Recall with me these beautiful words from chapter 9:
For unto us a child is born, unto us a son is given: and the government shall be upon his shoulder: and his name shall be called Wonderful, Counsellor, The mighty God, The everlasting Father, The Prince of Peace.
In this verse we learn about some of the roles and responsibilities of the Savior. But there’s a lot more. Let’s quickly investigate some of the wonderful things the Savior has done for us.
1. The Savior opens the door to Heavenly Father’s presence.
First, let’s see what we can find in Isaiah 22:22.
22 And the key of the house of David will I lay upon his shoulder; so he shall open, and none shall shut; and he shall shut, and none shall open.
What does this mean? What is the wonderful thing the Savior is doing for us?
Having the key to the house of David is a symbolic way of saying the Savior has the power to admit or exclude any person from Heavenly Father’s presence. Therefore, the wonderful thing that is going on here is that Jesus, and only Jesus, will open the door for us to enter into Heavenly Father’s presence. If you want to know what you must do to be able to enter into that door, go see 2 Nephi 9:45. If you’ve got a set of those old-fashioned paper scriptures, you might want to write down that cross-reference. It’s a dandy.
2 Nephi 9:45
45 O, my beloved brethren, turn away from your sins; shake off the chains of him that would bind you fast; come unto that God who is the rock of your salvation.
Okay, that’s number one. That’s the first thing that the Savior does for us. He opens the door to Heavenly Father’s presence.
2. The Savior shows mercy for those in spirit prison.
Now let’s turn to Isaiah 24:21-22 for the second wonderful thing the Savior has done for us.
21 And it shall come to pass in that day, that the Lord shall punish the host of the high ones that are on high, and the kings of the earth upon the earth.
22 And they shall be gathered together, as prisoners are gathered in the pit, and shall be shut up in the prison, and after many days shall they be visited.
What wonderful thing has the Savior done for us?

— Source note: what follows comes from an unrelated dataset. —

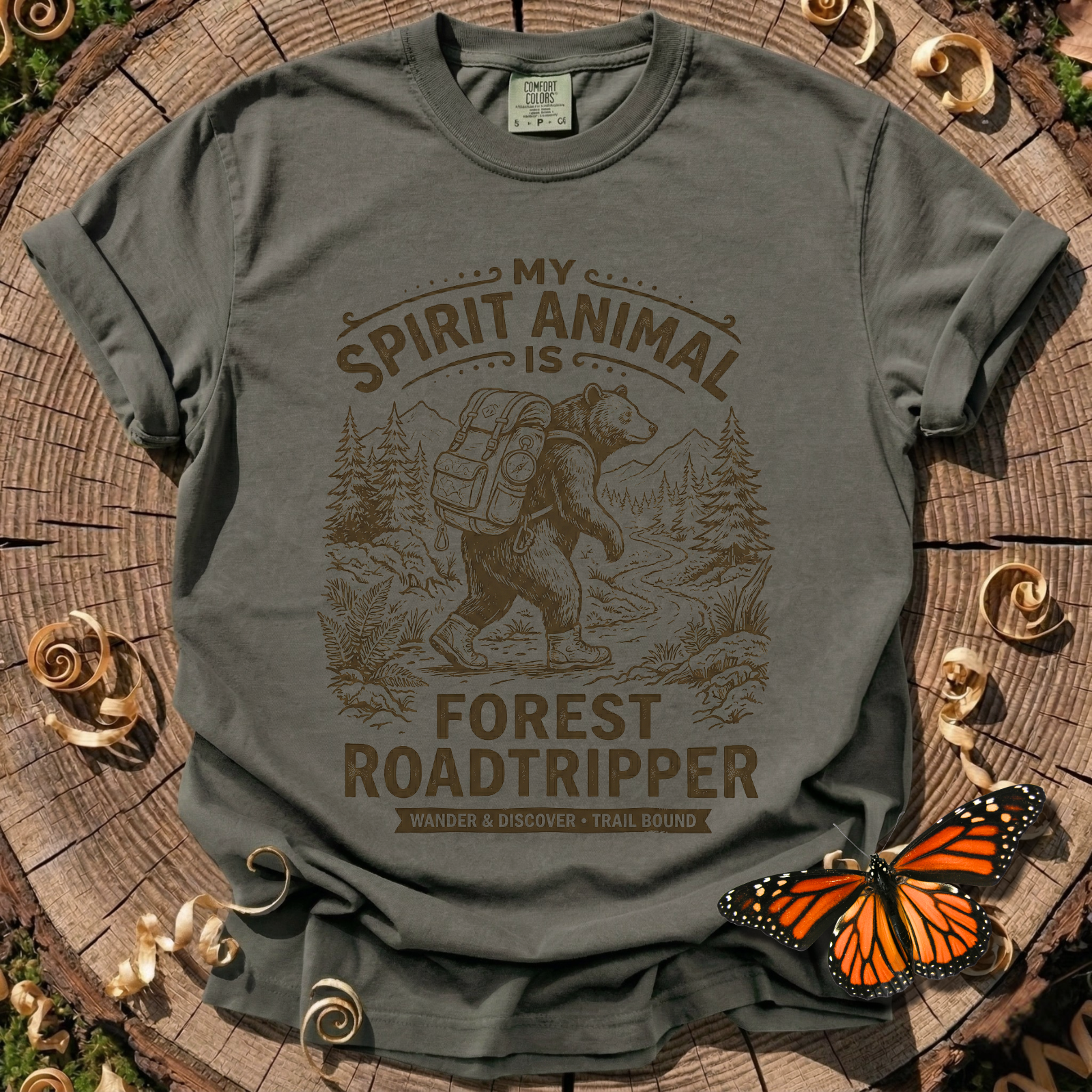 Forest Roadtripper T-Shirt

The Savior shows mercy for those in spirit prison, the place where the spirits of some of our deceased ancestors have gone while awaiting the Resurrection. According to D&C 138:32 they are there because they did not receive the gospel on earth or were not valiant in their testimonies. So the Savior, immediately after his death, organized the Spirit Prison Mission and sent righteous spirits over to teach them the gospel. By the way, that’s the only mission in the church where you don’t need to pack your belonging into some suitcases. In fact, you’re even going to leave your body behind. And by the looks of some of you, you might be getting a transfer there sooner than later.

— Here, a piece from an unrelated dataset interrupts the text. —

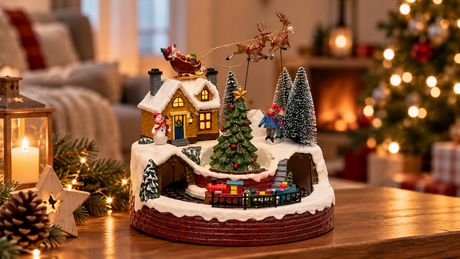 Village de Noël miniature : comment créer une décoration féérique chez soi ?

So the second thing is that the Savior shows mercy for those in spirit prison.
3. The Savior is a strength and a refuge.
Okay, let’s look at the third thing the Savior has done for us, and is still doing for us. It is found in 25:1–4; 32:1–2.
1 O Lord, thou art my God; I will exalt thee, I will praise thy name; for thou hast done wonderful things; thy counsels of old are faithfulness and truth.
2 For thou hast made of a city an heap; of a defenced city a ruin: a palace of strangers to be no city; it shall never be built.
3 Therefore shall the strong people glorify thee, the city of the terrible nations shall fear thee.
4 For thou hast been a strength to the poor, a strength to the needy in his distress, a refuge from the storm, a shadow from the heat, when the blast of the terrible ones is as a storm against the wall.
Isaiah 25:1–4; 32:1–2
1 Behold, a king shall reign in righteousness, and princes shall rule in judgment.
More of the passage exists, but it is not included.